• [WHAT IS REQUIRED]: Your copy should start at the line with "Puzzle 12290 - SIDE CAR sortie de grange" and end at the line with "29,95 € Envío" in the data below. Transcribe only those lines, exactly, pictures excluded.

• [GIVEN INFORMATION]:
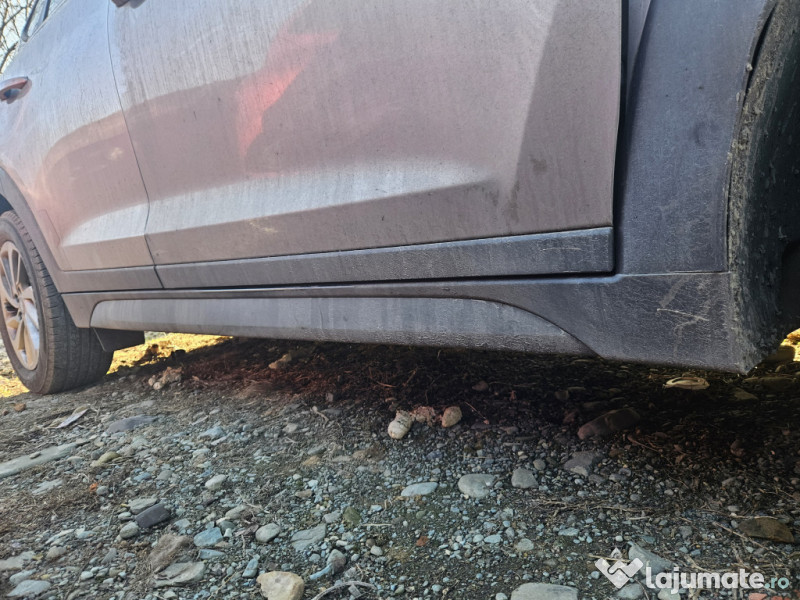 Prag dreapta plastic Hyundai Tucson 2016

...

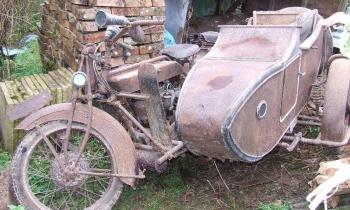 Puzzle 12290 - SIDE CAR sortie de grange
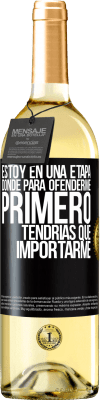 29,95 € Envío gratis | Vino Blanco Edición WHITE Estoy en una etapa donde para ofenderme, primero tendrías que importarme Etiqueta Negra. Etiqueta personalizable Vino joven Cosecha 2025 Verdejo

• [REPLY TO THE TASK]:
 Puzzle 12290 - SIDE CAR sortie de grange
 29,95 € Envío gratis | Vino Blanco Edición WHITE Estoy en una etapa donde para ofenderme, primero tendrías que importarme Etiqueta Negra. Etiqueta personalizable Vino joven Cosecha 2025 Verdejo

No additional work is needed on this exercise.